Repeat the lines beginning at the one with "On this slide, you" and running to the end of the material, keeping the first and last of them, exactly as they appear.
□ □ □ □
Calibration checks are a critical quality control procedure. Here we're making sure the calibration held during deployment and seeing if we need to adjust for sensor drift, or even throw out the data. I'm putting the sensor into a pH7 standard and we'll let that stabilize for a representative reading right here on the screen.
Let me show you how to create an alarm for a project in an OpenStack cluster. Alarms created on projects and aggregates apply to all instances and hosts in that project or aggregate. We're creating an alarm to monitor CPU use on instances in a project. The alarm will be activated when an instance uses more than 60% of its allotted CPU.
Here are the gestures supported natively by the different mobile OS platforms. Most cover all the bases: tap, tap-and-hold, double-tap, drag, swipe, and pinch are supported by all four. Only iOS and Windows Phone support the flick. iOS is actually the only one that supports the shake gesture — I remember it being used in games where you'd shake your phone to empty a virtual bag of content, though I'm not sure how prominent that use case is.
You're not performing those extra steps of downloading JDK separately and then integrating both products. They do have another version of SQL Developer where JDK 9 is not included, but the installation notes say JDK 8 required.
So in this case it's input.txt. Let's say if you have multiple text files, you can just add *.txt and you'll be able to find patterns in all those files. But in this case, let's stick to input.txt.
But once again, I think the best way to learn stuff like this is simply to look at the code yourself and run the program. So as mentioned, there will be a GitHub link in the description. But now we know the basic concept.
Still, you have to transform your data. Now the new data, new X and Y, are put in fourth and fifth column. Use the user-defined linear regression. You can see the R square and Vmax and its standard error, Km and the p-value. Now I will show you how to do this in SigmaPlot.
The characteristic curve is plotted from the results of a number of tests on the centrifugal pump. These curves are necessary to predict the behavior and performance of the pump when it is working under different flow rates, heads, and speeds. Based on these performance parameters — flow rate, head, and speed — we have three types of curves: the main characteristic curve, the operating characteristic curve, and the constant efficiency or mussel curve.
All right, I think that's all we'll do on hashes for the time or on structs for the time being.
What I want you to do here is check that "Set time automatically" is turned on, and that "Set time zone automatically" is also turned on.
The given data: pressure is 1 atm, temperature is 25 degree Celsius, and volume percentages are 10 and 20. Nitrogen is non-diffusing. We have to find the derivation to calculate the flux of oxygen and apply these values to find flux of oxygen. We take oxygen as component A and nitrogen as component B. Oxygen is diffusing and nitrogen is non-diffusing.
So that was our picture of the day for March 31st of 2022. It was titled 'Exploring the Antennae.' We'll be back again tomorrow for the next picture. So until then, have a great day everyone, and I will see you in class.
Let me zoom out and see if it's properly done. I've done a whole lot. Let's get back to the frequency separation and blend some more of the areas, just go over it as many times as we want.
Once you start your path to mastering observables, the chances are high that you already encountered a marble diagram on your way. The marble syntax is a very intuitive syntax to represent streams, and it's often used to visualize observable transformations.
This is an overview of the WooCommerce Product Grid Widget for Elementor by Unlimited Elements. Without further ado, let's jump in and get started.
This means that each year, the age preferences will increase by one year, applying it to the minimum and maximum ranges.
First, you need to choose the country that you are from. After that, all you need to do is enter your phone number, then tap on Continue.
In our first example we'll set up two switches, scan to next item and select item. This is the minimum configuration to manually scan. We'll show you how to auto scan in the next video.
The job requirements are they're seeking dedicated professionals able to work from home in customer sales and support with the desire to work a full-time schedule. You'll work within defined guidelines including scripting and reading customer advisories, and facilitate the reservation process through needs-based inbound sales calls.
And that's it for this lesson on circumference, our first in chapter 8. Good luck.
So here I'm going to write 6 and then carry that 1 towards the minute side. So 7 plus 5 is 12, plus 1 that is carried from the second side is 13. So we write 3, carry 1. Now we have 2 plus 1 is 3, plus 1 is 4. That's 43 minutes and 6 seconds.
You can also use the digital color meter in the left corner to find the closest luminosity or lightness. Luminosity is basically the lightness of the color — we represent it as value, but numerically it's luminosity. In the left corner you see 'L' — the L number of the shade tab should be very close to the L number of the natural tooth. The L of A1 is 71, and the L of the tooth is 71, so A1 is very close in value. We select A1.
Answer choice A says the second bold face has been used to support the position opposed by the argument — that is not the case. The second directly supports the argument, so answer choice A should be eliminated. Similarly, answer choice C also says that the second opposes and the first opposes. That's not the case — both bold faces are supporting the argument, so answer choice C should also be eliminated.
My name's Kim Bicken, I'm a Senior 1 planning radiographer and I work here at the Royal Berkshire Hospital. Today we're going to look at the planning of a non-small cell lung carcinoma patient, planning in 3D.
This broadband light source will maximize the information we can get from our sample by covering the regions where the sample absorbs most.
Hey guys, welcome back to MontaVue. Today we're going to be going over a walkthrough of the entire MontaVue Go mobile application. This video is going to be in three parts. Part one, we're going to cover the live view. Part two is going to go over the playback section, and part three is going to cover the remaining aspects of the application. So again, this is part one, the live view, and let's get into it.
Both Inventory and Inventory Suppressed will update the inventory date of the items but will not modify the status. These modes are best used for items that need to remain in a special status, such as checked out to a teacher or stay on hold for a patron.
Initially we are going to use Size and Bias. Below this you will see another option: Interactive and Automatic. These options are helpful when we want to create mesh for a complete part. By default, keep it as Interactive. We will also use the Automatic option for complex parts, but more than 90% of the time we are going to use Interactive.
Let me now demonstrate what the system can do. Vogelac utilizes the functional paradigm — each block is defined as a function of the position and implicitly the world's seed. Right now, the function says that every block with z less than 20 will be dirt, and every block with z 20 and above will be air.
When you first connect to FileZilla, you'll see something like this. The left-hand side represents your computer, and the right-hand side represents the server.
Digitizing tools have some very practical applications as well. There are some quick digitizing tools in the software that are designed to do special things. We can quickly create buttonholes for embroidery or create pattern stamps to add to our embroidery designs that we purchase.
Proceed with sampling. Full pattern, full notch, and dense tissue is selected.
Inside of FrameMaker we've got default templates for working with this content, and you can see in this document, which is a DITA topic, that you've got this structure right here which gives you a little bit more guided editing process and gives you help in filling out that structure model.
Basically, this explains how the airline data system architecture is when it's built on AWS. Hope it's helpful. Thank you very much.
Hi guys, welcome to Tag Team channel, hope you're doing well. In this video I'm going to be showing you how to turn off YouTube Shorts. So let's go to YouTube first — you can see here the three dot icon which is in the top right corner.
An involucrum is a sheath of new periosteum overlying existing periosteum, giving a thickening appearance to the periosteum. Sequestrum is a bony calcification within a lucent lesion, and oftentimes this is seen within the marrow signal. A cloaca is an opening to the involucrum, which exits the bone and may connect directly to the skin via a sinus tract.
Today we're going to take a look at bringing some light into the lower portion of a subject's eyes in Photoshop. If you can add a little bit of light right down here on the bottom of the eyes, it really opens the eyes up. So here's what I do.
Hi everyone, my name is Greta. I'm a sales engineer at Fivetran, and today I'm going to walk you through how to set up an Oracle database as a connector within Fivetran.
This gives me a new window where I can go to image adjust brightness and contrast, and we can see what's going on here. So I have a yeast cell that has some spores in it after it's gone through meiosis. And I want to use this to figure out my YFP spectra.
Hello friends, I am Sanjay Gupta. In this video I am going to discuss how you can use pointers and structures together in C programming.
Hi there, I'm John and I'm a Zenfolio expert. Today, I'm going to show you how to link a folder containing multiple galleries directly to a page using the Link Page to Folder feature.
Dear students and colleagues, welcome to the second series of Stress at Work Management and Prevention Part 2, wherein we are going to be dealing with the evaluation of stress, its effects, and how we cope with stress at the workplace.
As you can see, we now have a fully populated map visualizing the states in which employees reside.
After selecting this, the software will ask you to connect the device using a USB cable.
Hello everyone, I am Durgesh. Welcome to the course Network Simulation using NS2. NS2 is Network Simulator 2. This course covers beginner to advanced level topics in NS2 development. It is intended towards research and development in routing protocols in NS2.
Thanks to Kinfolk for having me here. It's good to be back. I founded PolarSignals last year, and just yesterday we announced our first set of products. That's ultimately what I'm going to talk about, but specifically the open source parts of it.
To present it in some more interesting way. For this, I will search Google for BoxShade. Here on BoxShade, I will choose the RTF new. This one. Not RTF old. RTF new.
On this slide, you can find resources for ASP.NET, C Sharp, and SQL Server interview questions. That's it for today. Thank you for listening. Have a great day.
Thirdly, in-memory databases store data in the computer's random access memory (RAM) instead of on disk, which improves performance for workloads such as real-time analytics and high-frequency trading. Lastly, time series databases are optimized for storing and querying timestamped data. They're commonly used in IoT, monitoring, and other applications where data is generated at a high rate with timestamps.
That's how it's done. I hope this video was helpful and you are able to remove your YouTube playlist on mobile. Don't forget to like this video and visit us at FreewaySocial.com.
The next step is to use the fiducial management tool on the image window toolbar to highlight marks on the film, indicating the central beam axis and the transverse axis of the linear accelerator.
□ □ □ □
**ANSWER TO THIS EXERCISE**
On this slide, you can find resources for ASP.NET, C Sharp, and SQL Server interview questions. That's it for today. Thank you for listening. Have a great day.
Thirdly, in-memory databases store data in the computer's random access memory (RAM) instead of on disk, which improves performance for workloads such as real-time analytics and high-frequency trading. Lastly, time series databases are optimized for storing and querying timestamped data. They're commonly used in IoT, monitoring, and other applications where data is generated at a high rate with timestamps.
That's how it's done. I hope this video was helpful and you are able to remove your YouTube playlist on mobile. Don't forget to like this video and visit us at FreewaySocial.com.
The next step is to use the fiducial management tool on the image window toolbar to highlight marks on the film, indicating the central beam axis and the transverse axis of the linear accelerator.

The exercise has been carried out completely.